Le 18 mai 2020, le centenaire de la naissance du pape Jean-Paul a été célébré dans la petite ville polonaise de Wadowice.
Après avoir été divisée et occupée pendant plus de cent ans par les trois empires voisins - la Prusse, la Russie et l'Autriche —, la Pologne a retrouvé son indépendance à la fin de la Première Guerre mondiale. Cet événement a suscité de grands espoirs, mais a également exigé de grands efforts, car le nouvel État restauré ressentait constamment la pression des deux puissances voisines, l'Allemagne et la Russie. C'est dans ce contexte d'oppression, mais surtout d'espoir, que grandit le jeune Karol Wojtyla ; il perdit très tôt sa mère, son frère, puis son père, à qui il devait sa profonde et fervente piété. L'attrait particulier du jeune Karol pour la littérature et le théâtre l'a conduit, à la fin de sa scolarité, à étudier ces matières.

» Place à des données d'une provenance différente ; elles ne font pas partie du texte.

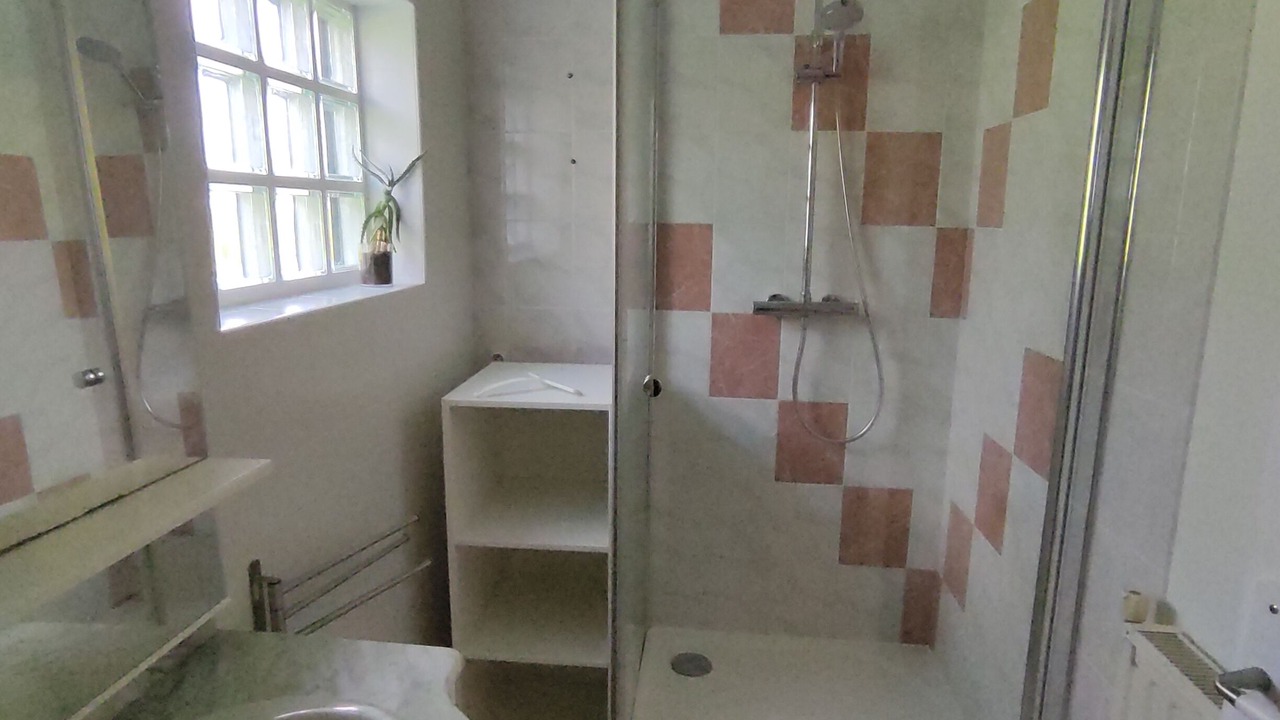 Photo of Bathroom in Lanches-Saint-Hilaire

Afin d'éviter d'être déporté aux travaux forcés en Allemagne, il commença à l'automne 1940 à travailler comme ouvrier dans la carrière de l'usine chimique Solvay 2. À l'automne 1942, il prit la décision d'entrer au séminaire de Cracovie que l'archevêque Adam Sapieha avait organisé secrètement dans son diocèse. Alors qu'il était encore ouvrier, il commença à étudier la théologie sur de vieux manuels ; il put ainsi être ordonné prêtre le 1er novembre 1946. Il apprit la théologie non seulement dans les livres, mais aussi en tirant des leçons utiles du contexte particulier dans lequel son pays et lui-même se trouvaient. Ceci allait être un trait caractéristique qui marquerait toute sa vie et son activité : il apprend dans les livres, mais vit aussi des questions d'actualité qui le préoccupent. Ainsi, pour lui, en tant que jeune évêque - à partir de 1958 comme évêque auxiliaire, puis de 1964 comme archevêque de Cracovie - le Concile Vatican II a été l'école de toute sa vie et de son œuvre. Les questions importantes qui se sont posées, notamment celles concernant le « Schéma XIII » — la future constitution Gaudium et Spes -, étaient également les siennes. Les réponses élaborées au concile lui indiquèrent l'orientation qu'il aurait à donner à son travail, d'abord en tant qu'évêque, puis en tant que pape.

Lorsque le 16 octobre 1978 le cardinal Wojtyla fut élu successeur de saint Pierre, l'Église se trouvait dans une situation dramatique. Les délibérations du concile furent présentées en public comme une dispute sur la foi elle-même, foi qui semblait ainsi privée de son caractère infaillible et inviolable. Un curé bavarois a décrit la situation en ces termes : « En fin de compte, nous sommes tombés dans une foi erronée. » Ce sentiment que plus rien n'était certain, que tout pouvait être remis en question, a été encore alimenté par la manière dont la réforme liturgique a été menée. Finalement, il semblait que, même dans la liturgie, tout pouvait être remis en question. Paul VI a conduit le Concile avec vigueur et détermination jusqu'à sa conclusion, après quoi il a été confronté à des problèmes de plus en plus difficiles, qui ont fini par ébranler l'Église elle-même. Les sociologues de l'époque comparaient la situation de l'Église à celle de l'Union soviétique sous Gorbatchev, où, dans la recherche des réformes nécessaires, c'est toute l'image puissante de l'État soviétique qui a fini par s'effondrer.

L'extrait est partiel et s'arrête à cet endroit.